While Verne's circumstances may be extreme, her conundrum is all too familiar to the nation's 31 million working moms, nearly half of whom hold down full-time jobs: How much motherhood is OK to demonstrate at work? The line can be disarmingly thin. Finger paints on the bulletin board? Her heart's not in it. Meeting interrupted by a call from the school? Can't that wait — this is important. Slip out the door at 5:30 to relieve the nanny? Must be nice to leave work early every day. "Even though it's kind of an old-fashioned concept, there is still a stigma attached to being a working mom," says Carol Evans, president of Working Mother magazine.

While office tensions between mommies and everyone else are hardly new, what has changed are the demographics on either side: At the same time more American women are opting not to have children at all, more are also choosing to have kids later in their career. And even as companies practically fall over themselves to accommodate moms — offering up lactation rooms, flextime, backup day care — scrutiny of working mothers remains intense, as evidenced by a 2010 survey of 4,600 working men and women conducted by IBM, Ernst & Young, and Procter & Gamble. The findings weren't pretty: Childless employees griped that working moms were less likely to take on additional work or do whatever it took to get the job done. The takeaway: Your company may be cutting you some slack, but good luck getting any from the folks you work with.
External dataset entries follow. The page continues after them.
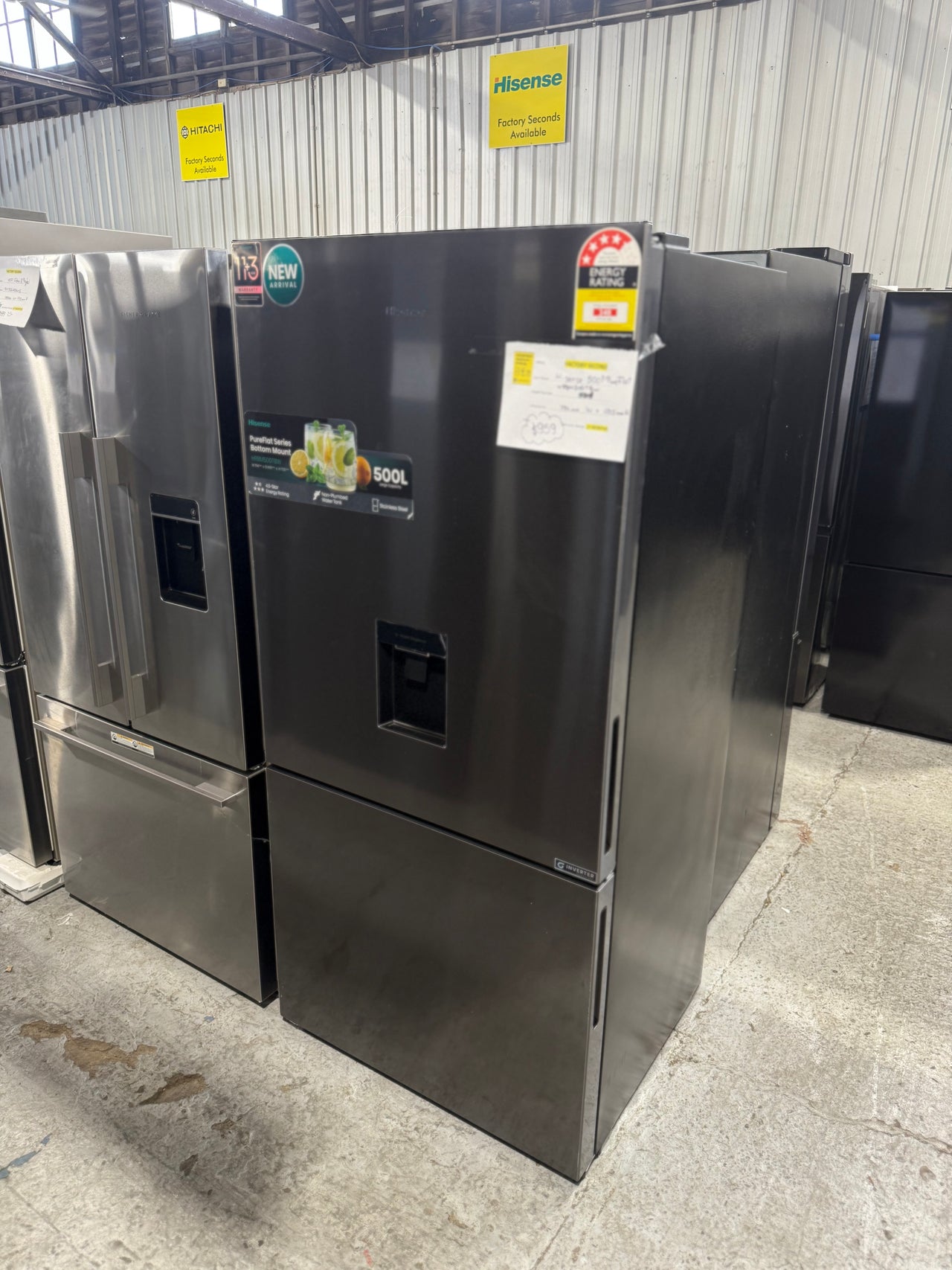 Factory second Hisense HRBM500TBW 500-litre PureFlat Bottom Mount Refrigerator - Second Hand Appliances Geebung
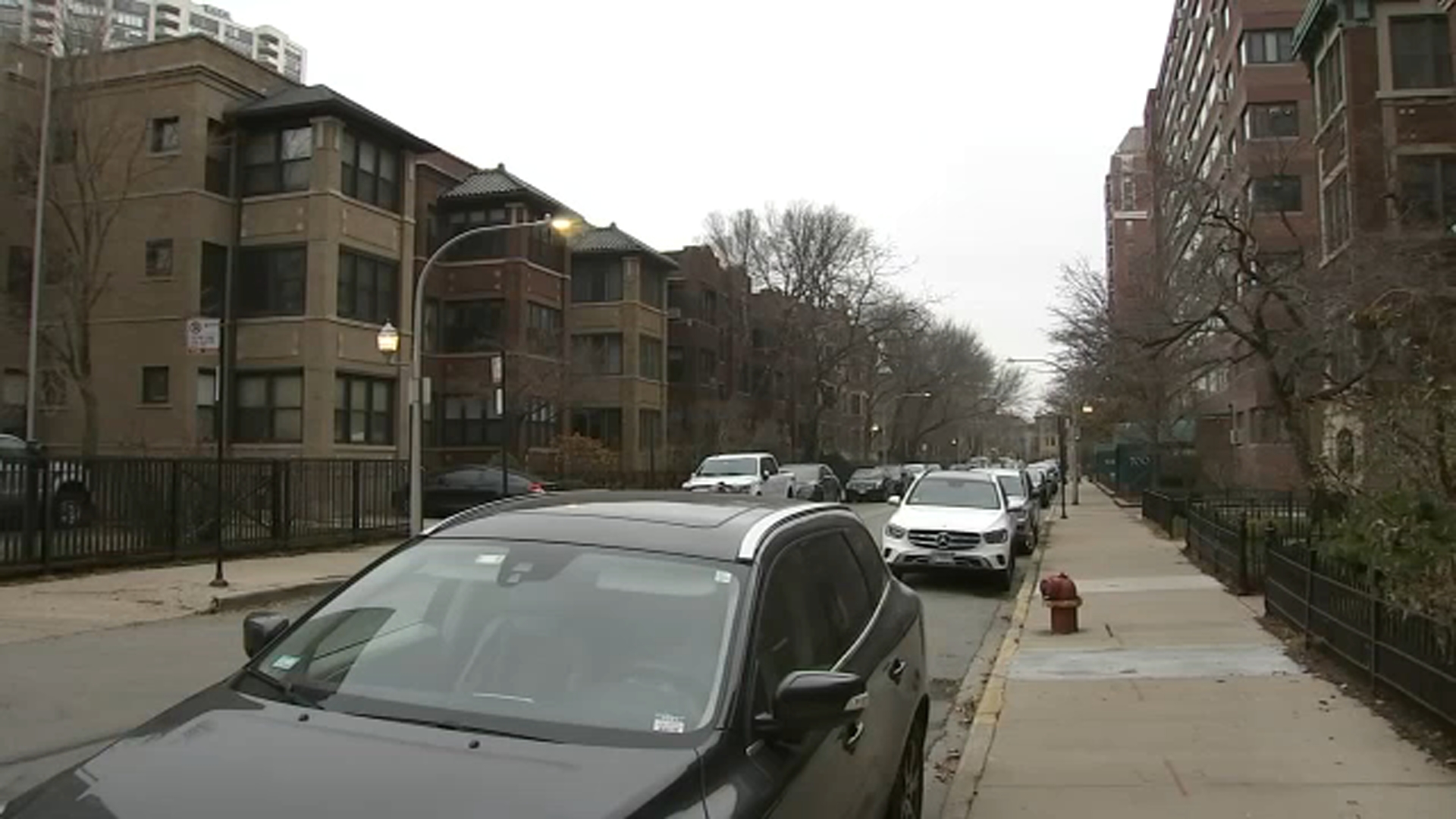 Women targeted in series of muggings by man escaping in U-Haul, Chicago police say
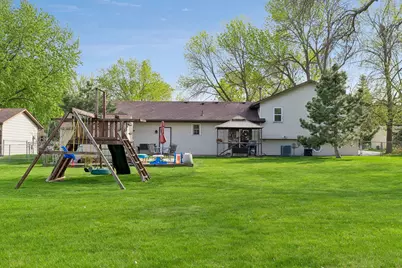 14786 91st Place N, Maple Grove, MN 55369 - Photo 6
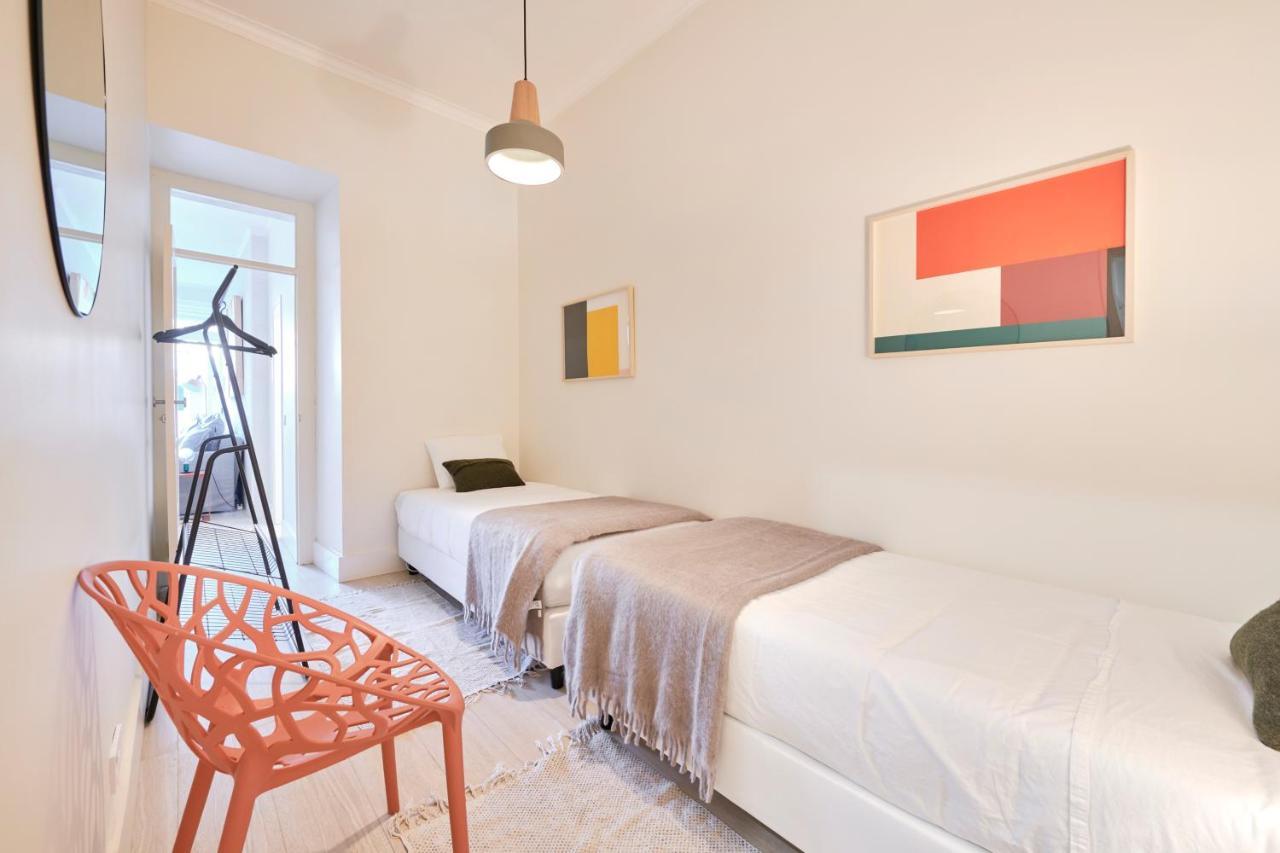 Charming 3Br Apt W/ Patio, By Timecooler Lisbona Esterno foto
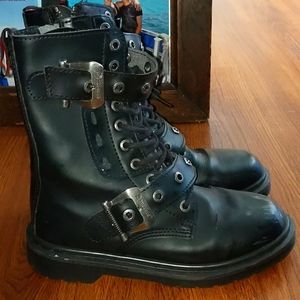 Black demonia combat boots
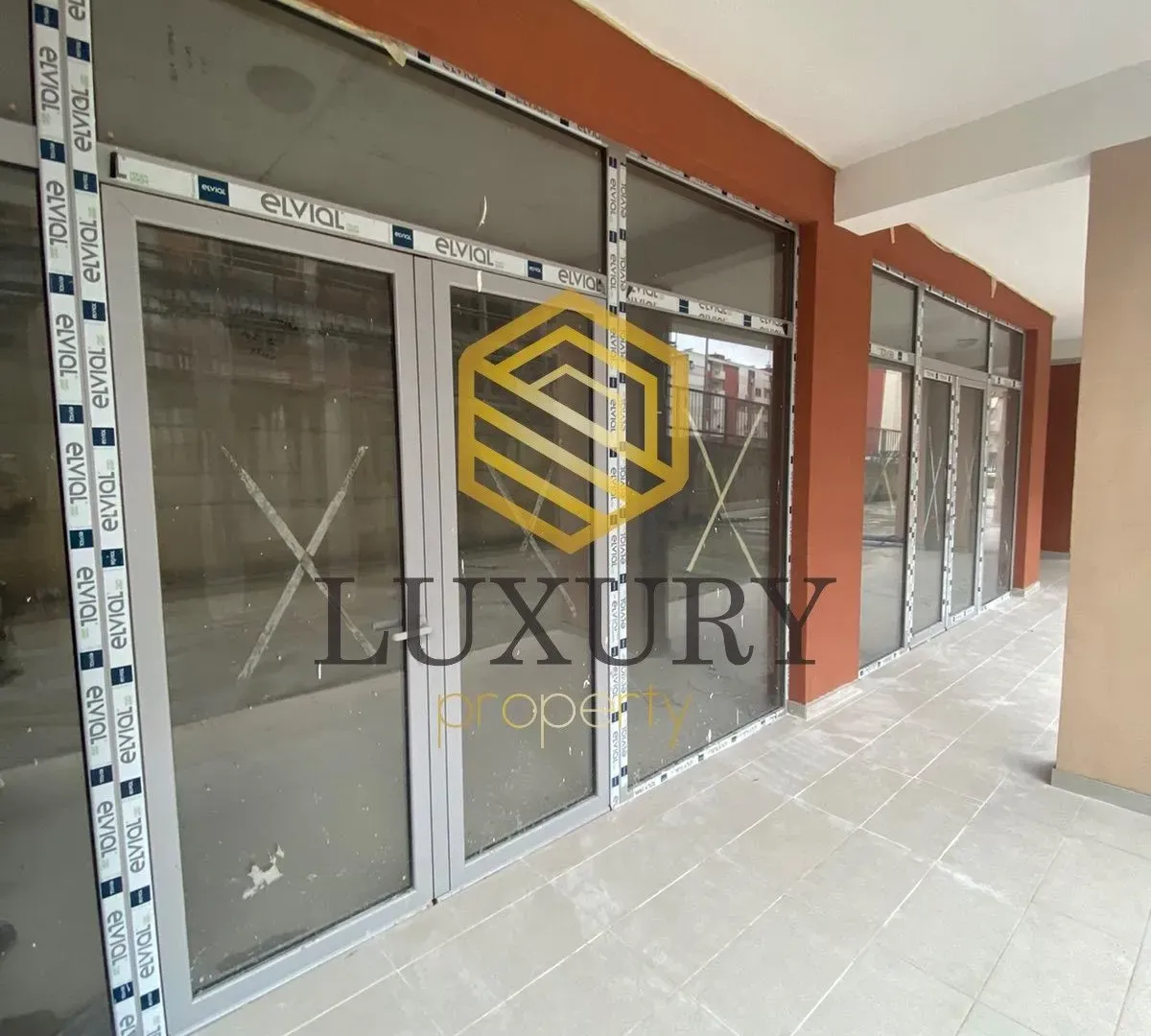 Izdavanje, poslovni prostor, 190m², Ljubović, Podgorica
"I have a department meeting every Monday at 9 a.m.," says Lisa Foreman (not her real name), a publicist for a cable talk show and the mother of three kids. "Even though Monday mornings are crazy — getting the kids on the bus after the weekend — I always make sure I get to work on time, and looking my best." Unlike the one colleague, Foreman says, who comes in late, habitually complaining about how her daughter "had a rough night." "We've all been there, but I know what everyone else is thinking because I'm thinking the same thing: Get it together, lady." Foreman says she's so conscious of how her mommy-ness translates at work that she even parks her minivan — the most glaring of mommy emblems — in one of the farthest spots from her building.

"The worst part is that the dads in the office get treated so differently. They're the heroes," gripes one publishing exec, a mother of two boys, who recalls a male colleague earning accolades for leaving midday to attend a field trip. "But when I had to take a couple hours off for my son's doctor's appointment, all I got was, 'You should schedule those things before work,' even though I'm here 9 to 7 every day."

Regina Feiler, 39, a director of a corporate photo gallery and a mother of three, admits that she's gotten lucky in her career. By any measure, hers is a family-friendly office, where Monday morning how-was-your-weekend chitchat invariably revolves around kids. It gets tricky, though, when her colleagues insinuate that their brand of balancing work and family is the better way. "I work with excellent parents who don't necessarily go to every one of their kids' softball games. And I can tell they think, I don't go to everything — why do you have to?" Feiler says. "But that's the kind of parent I am."

The good news: Experts say that the pressure to hide your mommy self should all but disappear once Millennials assume management positions. "They get that successful careers aren't built on face time, that you can be wired and work from anywhere, 24/7," says Evans. "I expect that the generational shift will bring enormous changes to how, where, and when we work. And that's only good news for working moms."